Healing Snake is also much more nuanced than in other MGS games. Receiving different types of damage can prevent healing, reduce stamina and even limit Snake's movement. In the wrong hands a concept like this would be cumbersome, dragging down the entire game. That's not the case here. Stamina is similar in that it requires players to address Snake's basic needs (in this case hunger). Nothing feels excessive, and as a result it all works seamlessly to create a deeper, more intricate experience.
Despite some added and existing flaws, one issue looms over Snake Eater - it is a great console game. Every aspect of this adventure is designed to be enjoyed from a couch for an extended period of time. A game that doesn't allow for incremental saves, instead starting you at the beginning of a location, is not meant for brief play sessions. A game that allows characters to have 15-minute conversations is not aware that your bus ride might only be 10 minutes, or that your battery is about to die. A game this vast, requiring a great deal of patience and thought to play expertly, is not meant to be digested in small amounts. Plus there's the simple fact that the 3DS's screen is relatively small. Attempting to differentiate between a shrub and a guard can be more challenging than it ought to be.
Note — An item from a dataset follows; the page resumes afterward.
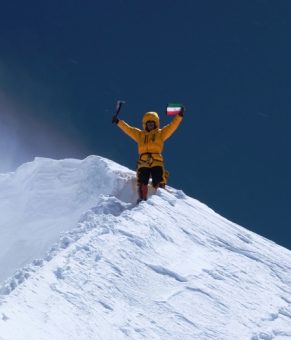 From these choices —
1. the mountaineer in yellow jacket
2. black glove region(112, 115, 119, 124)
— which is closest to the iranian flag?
the mountaineer in yellow jacket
The argument about Snake Eater's console of choice would be rather moot if it was an original game built for the 3DS, but seeing the game take advantage of many of the system's functions only reinforces that it doesn't play like a portable game - something titles like Resident Evil Revelations and Super Mario 3D Land embraced. Furthermore, MGS 3 is available in HD on the PlayStation 3 in a recently-released collection, and of course the original PS2 version is in ample supply. In other words, it's very easy to play this game in a better setting, if you're willing to surrender the 3D effect, touch screen and improved controls - no small sacrifice.